Abstract: e14057 Background: This study aimed to investigate the prognostic value of transcriptome and clinical data of Hepatocellular carcinoma (HCC) patients for overall survival (OS) by deep learning method. Methods: A total of 371 HCC patients with 20530 level three RNA-sequencing data were from The Cancer Genome Atlas (TCGA). Cox-nnet model, a deep learning model through an artificial neural network extension of the Cox regression model, was used for OS prediction. The patients were randomly split into train-set and test-set (7:3). In train-set, the significant genes associated with OS under univariate Cox regression were considered for modeling. Clinical parameters, including age, gender, pathologic stage, child pugh classification, creatinine level etc. were also considered.
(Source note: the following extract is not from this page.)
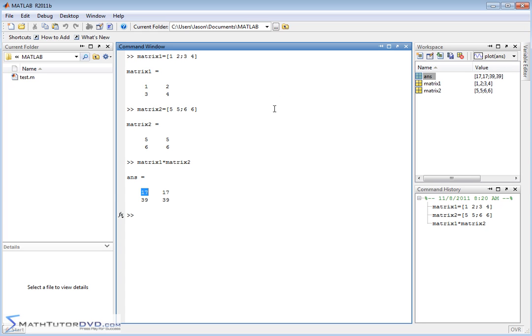What you're doing, if you can envision a matrix here, and then the matrix next to it, is you're going across and then down, across and then down, across and then down. And you're multiplying elements and summing them all together each time you do that. So it's a little bit cumbersome by hand.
The Cox-nnet model was developed by cross-validation. Its discrimination was determined by the concordance index (CI) in the independent test-set and compared with multivariable Cox regression. The clustering method Uniform Manifold Approximation and Projection (UMAP) was used for revealing biological information from the hidden layer in the model. Results: In the train-set (n = 259), 1505 genes and two clinical variables (child pugh score and creatinine level) were significantly associated with OS (adjusted P-value 〈 0.05). To avoid overfitting, only 40 most significant genes were included in the Cox-nnet model. In the test-set (n = 112), the CI of Cox-nnet (0.76, se = 0.04) is better than the CI of multivariable Cox regression (0.71, se = 0.05). The difference between good or poor survival subgroups classified by Cox-nnet was remarkably significant ( P-value = 1e-4, median OS: 80.7 vs. 25.1 months). In the Cox-nnet model with all significant variables, the weights in the hidden layer were clustered by UMAP into 3 positive clusters and 2 negative clusters, which are enriched in GO/KEGG. The “cell cycle” and “complement and coagulation cascades” are the most important signal pathways in positive and negative clusters, respectively. Conclusions: Combining transcriptomic and clinical data, and with deep learning algorithm, we built and validated a robust model for survival prediction in HCC patients. Our study would be useful to explore the clinical implications in survival prediction and corresponding genetic mechanisms. Clinical trial information: 5U24CA143799, 5U24CA143835, 5U24CA143840, 5U24CA143843, 5U24CA143845, 5U24CA143848, 5U24CA1438.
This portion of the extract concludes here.